Table 2. Performance of machine learning techniques for Dataset-1

Table 2 shows results on mentioned parameters that can easily recognize the best technique. When an attack is detected in the system then sends an alarm to the network administrator to isolates that node. While FN higher value indicates, normal packet information is falsely predicted as an attack. FP is the opposite of FN which indicates attack falsely detected as normal meanwhile the system allows the attack to enter and harm network resources. Decision Table classifier shows lower FPR and higher TPR, Precision, and F-measure. An opposite of this, KStar technique is shown higher FPR and lower Precision and F-measure. While Naive Bayes technique is shown lower TPR or Recall. Decision Table is producing a better detection system whenever KStar and Naive Bayes both are quantitatively given poor results.

Table 3 shows confusion matrix of SGD, Bayes Net, and MLP of Dataset-2 that use for statistical parameters computation. Table 4, 5 and 6 show the performance on different statistical parameters of SGD, Bayes Net, MLP respectively. The performance of the system is measured with the help of statistical parameters. TP and TN are correct prediction parameters which higher value improve system performance, and lower value decreases the system performance. FP and FN are the incorrect predictions of parameters which lower value improve the performance of the system and higher value decrease the system performance. These parameters are used to compute performance measures such as TPR, FPR, Precision, F-measure, and Accuracy.

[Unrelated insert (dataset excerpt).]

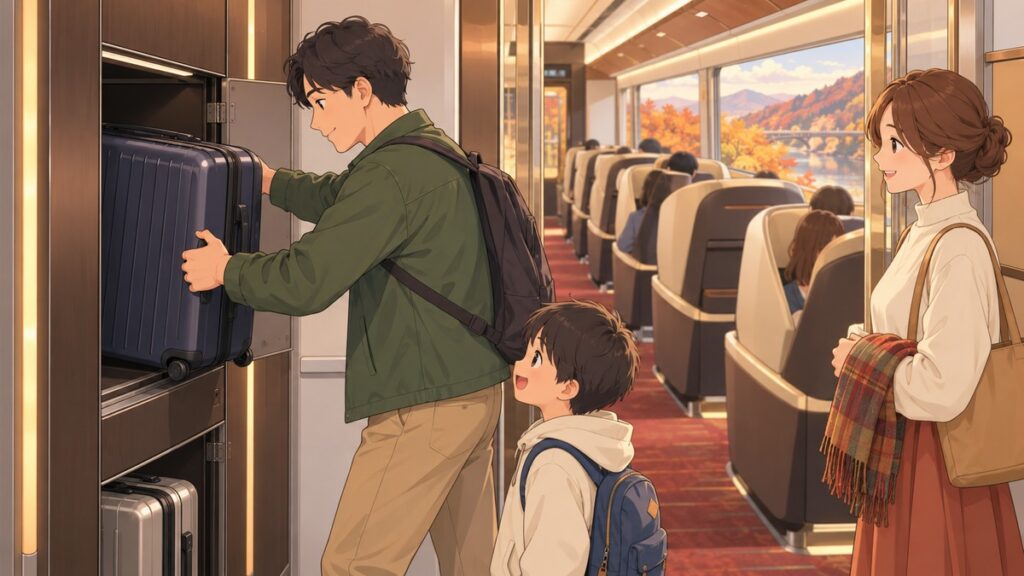 Illustration of a father putting a suitcase into a large luggage locker on a limited express train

Table 3. Confusion matrix for Dataset-2
Table 4. Statistical parameters of SGD for Dataset-2
Table 5. Statistical parameters of Bayes Net for Dataset-2
Table 6. Statistical parameters of MLP for Dataset-2

Table 7 shows performance of detection system where SGD, Bayes Net, MLP are performed on Dataset-2. In these detection systems, MLP provides a higher detection rate, precision, F-measure, accuracy, and lower false alarm rate. The training complexity of detection systems of Dataset-2 as SGD (0.55 s), Bayes Net (0.15 s), and MLP (1.77 s). MLP took more training time to other ML techniques.

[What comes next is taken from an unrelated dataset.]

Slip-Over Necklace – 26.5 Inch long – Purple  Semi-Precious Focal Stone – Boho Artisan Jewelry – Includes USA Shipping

Table 7. Overall performance of detection system for Dataset-2

7 Conclusion

In this paper, we have proposed a machine learning based intrusion detection system in the ad hoc network where intrusion as a blackhole attack. Blackhole attack is applied in the network and simulated with many malicious nodes. The main features of nodes are identified and collected information of traced pcap file using tcpdump. This information makes a set of distinct samples which is with known labels. Machine learning techniques are applied to this set of data which work in the supervised mode of training. Experiments show the simulated blackhole attack such activities, and various machine learning techniques provide their detection accuracy. Where MLP is shown the better result to other classifiers, it has shown 98.5% detection rate and 4.7% false alarm rate whenever it took more training time. These promising results encourage us to extend this work to identify more useful features and collect more information. Moreover, this work may simulate with other intrusions.